- Born: 14 July 1883 Garlasco, Kingdom of Italy
- Died: 28 January 1945 (aged 61) Kuźnica Żelichowska, Poland
- Allegiance: Kingdom of Italy
- Branch: Royal Italian Army
- Service years: 1903–1945
- Rank: Brigadier General
- Conflicts: World War I Battles of the Isonzo; ; World War II North African campaign; Italian occupation of Greece; ;
- Awards: Silver Medal of Military Valor (posthumous) Bronze Medal of Military Valor Order of the Crown of Italy

= Alessandro Vaccaneo =

Italian general (1883–1945)

Alessandro Vaccaneo (14 July 1883 - 28 January 1945) was an Italian general during World War II.

==Biography==

He was born in Garlasco, province of Pavia, on July 14, 1883, the son of Ruperto Vaccaneo and Maria Magnaghi. Having been initiated to a military career, he attended the Royal Military Academy of Infantry and Cavalry in Modena, graduating on 7 September 1903 with the rank of cavalry second lieutenant, assigned to the "Cavalleggeri di Piacenza" Regiment. After promotion to lieutenant, he was transferred to the 22nd "Cavalleggeri di Catania" Regiment on 10 September 1908. From March 16, 1911 he was transferred to the 16th "Cavalleggeri di Lucca" Regiment, while also becoming adjutant of General Roberto Brusati, commander of the 1st Army Corps.

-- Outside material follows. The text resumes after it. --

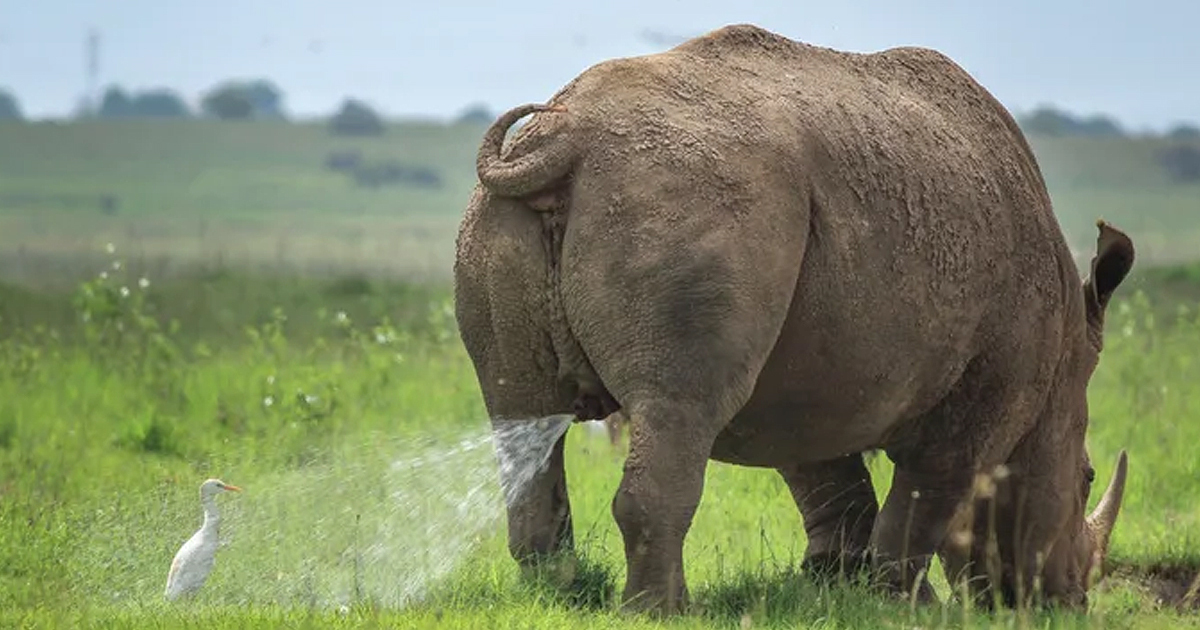 Peeing Rhino Blank Meme Template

After promotion to captain on March 31, 1915, he was transferred to the 24th "Cavalleggeri di Vicenza" Regiment with which he took part in the First World War, being wounded in the battles on the Karst plateau. At the end of the war, in 1919, he remained on leave for six months due to infirmities arising from service causes, after which he was assigned to the 16th "Cavalleggeri di Lucca" Regiment in Padua, then to the 19th "Cavalleggeri Guide" Regiment and finally, from 24 October 1920 to the Army motor vehicle corps, initially in the depot of Verona then in the central direction of Turin.

Having become a major in the 12th "Cavalleggeri di Saluzzo" Regiment, he was transferred to the 2nd Transport Group from 10 February 1924, and appointed judge at the Territorial Military Court of Milan, where he remained after promotion to the rank of lieutenant colonel. On 1 November he was transferred 1926 to the 3rd Automobile Center. From May 22, 1927 he returned to the 14th "Cavalleggeri di Alessandria" Regiment, and from January 1, 1933, after passing briefly to the 5th "Lancieri di Novara" Regiment, he was transferred to an auxiliary position at the 1st Military Division of Turin. He then passed into service at the headquarters of the military zone of Turin and was then placed on leave starting from 10 May 1937.

Having become colonel on June 4, 1934, and definitively passed to the automobile corps on 1 January 1940 and remained in Turin, being promoted to brigadier general of the reserve on January 1, 1942. From May 1941 to January 1942 he was in North Africa, in charge of motorized transport services, earning a Bronze Medal of Military Valor. From 10 January 1943 he became head of the motorized transport services of the intendency of the Armed Forces High Command of Greece (11th Army), with headquarters in Athens. There, after the proclamation of the armistice of Cassibile on 8 September 1943, he was captured by the Germans on 16 September and sent to Offizierlager 64 /Z of Schokken, Poland.

When the Red Army reached the Vistula in mid-January 1945, the Nazi command decided to evacuate the camp and transfer the internees to Luckenwalde, a town south of Berlin. Along with sixteen other prisoners (the weakest of the column, who were too exhausted to continue the march and made a stop with the permission of the German commander, who however refused to write a statement that they had been left behind with his consent rather than escaped), Vaccaneo stopped on the way, in Kuźnica Żelichowska, looking for food in a tavern; the group was however noticed by a non-commissioned officer of the Luftwaffe and reported to the SS. The latter rounded up the prisoners and forced them to resume the march, shooting those who were unable to keep pace with the main group; Vaccaneo was shot after slipping on ice, as he was trying to get back on his feet. Generals Carlo Spatocco, Emanuele Balbo Bertone, Alberto Trionfi, Giuseppe Andreoli and Ugo Ferrero were likewise executed nearby. Vaccaneo was buried by the locals in the village cemetery.